Berkshire Hathaway’s annual meeting also contained a note that Buffett sees his role, along with that of Munger, as being trustees for the company’s shareholders. Some investors could easily interpret that as a message that Buffett’s main ambition is now capital preservation rather than growing businesses. Stepping into the first two months of an instant recession, accompanied by witnessing an outright and unexpected vaporization revenue and earnings, can change the views of even the most aggressive person in the world.
If you take Buffett’s views at face value, that consumer behavior will be drastically different, then Buffett is hunkering down for harder times. He even went through an economic history, while still maintaining that America will overcome this like it has all other challenges, and the end result is that Buffett’s views and his actions are perhaps more financially conservative when it comes to deploying capital than has been seen perhaps ever.
Even during and shortly after the Great Recession, Buffett pulled out Berkshire Hathaway’s checkbook and pom-poms and acted as a lender and distressed capital investor for financial companies such as Goldman Sachs Group Inc. (NYSE: GS) and Bank of America Corp. (NYSE: BAC). He also acted as a distressed lender for companies like Tiffany & Co. (NYSE: TIF), Harley Davidson Inc. (NYSE: HOG) and even General Electric Co. (NYSE: GE).
One important lesson about Buffett, or any classic valuation analysis, is that a 35% drop in a stock may only make a stock “cheap” on paper. If the share price drops 35% but the new normalized earnings may be down 40% or worse, that stock has actually become more expensive on that classic price-to-earnings (P/E) basis.
One issue that will have shaken Buffett and his portfolio managers is the absolute paralysis a record-breaking market drop can cause. Those fears are compounded when it may not be easy to sell billions of dollars worth of stock at any given time when buyers are in panic mode.
Berkshire Hathaway’s operating earnings were more than $5.8 billion in the first quarter of 2020. The conglomerate’s net loss after backing out gains and losses from the investment portfolio came to a loss of almost $50 billion, after a $54.5 billion writedown of the public stocks and other investments at the end of March.

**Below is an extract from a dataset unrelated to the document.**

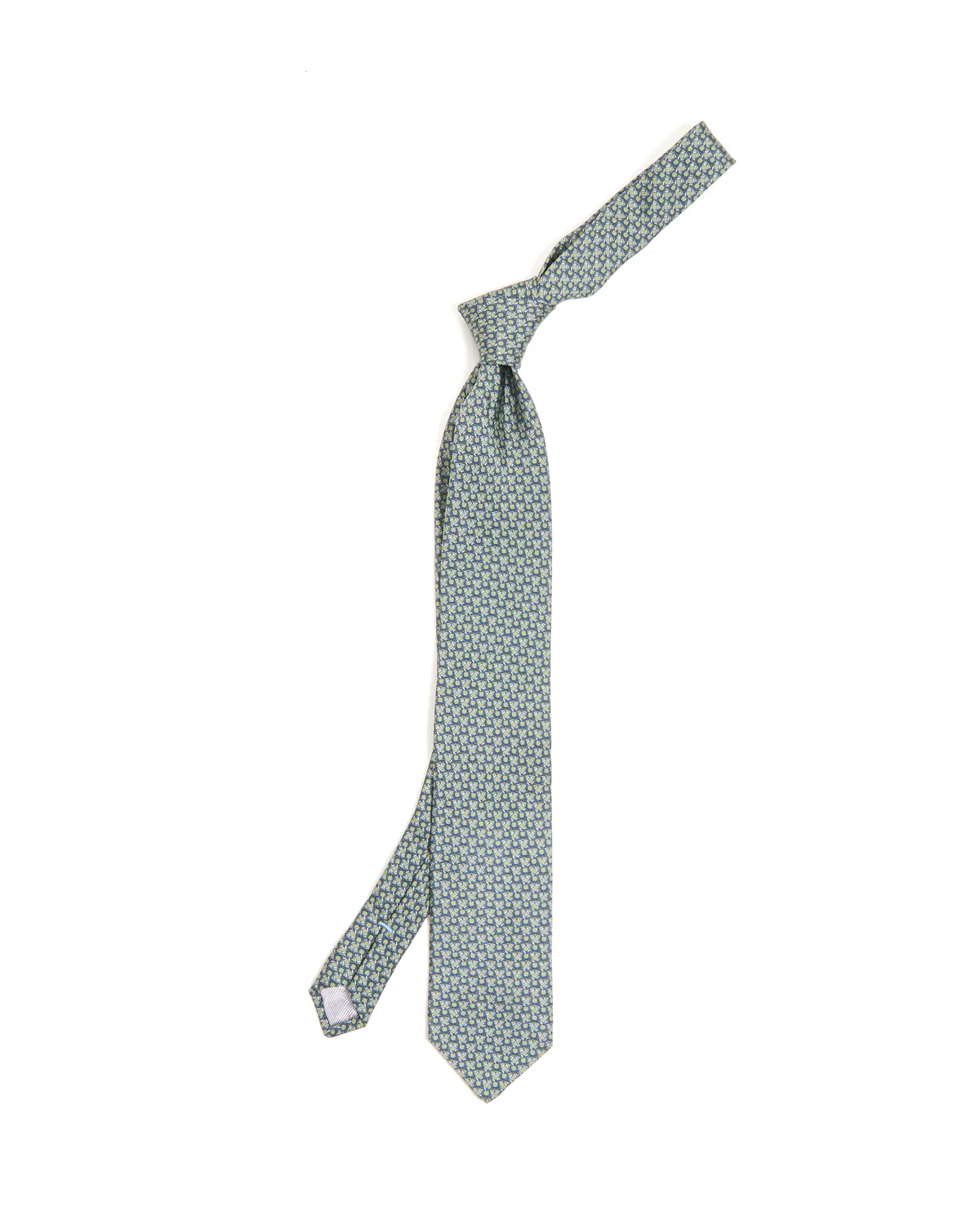 Olive Navy Lattice Silk Tie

It might seem easy to point fingers and say that the market has become too complicated for a so-called trustee of a company with more than $400 billion in market cap. Capital preservation and income are not noble long-term strategies, considering the time value of money, but navigating the instant recession and rapid bear market before it has proven tiring for even the greatest investors in the world. The degree of the recovery rally based on trillions of stimulus and a gradual reopening of the economy have caught even the biggest bottom-fishers and value buyers by surprise. That has been true for those who are 29, 39, 49 and 89 alike.
Many investors have begun to lower their expectations for an elusive “whale of a deal,” wherein Buffett would make another acquisition potentially in the high-tens of billions of dollars. Of course, there is the problem that management of a selling company often cannot sell a merger to their shareholders if it locks many of them in at sales prices that are too low solely due to the market and sudden economic shift.
When an investor reaches even 10% of the clout of Buffett, that investor is considered to be among the most successful of the time. When Buffett communicates that he cannot find many opportunities and isn’t even more excited about buying back his own Berkshire Hathaway shares at a big discount, it has to instill at least some caution.
At $177.95 apiece, Berkshire Hathaway shares are down 23% from their high of $231.61. That compares to the S&P 500 down only about 16% from its peak, as of Monday’s close.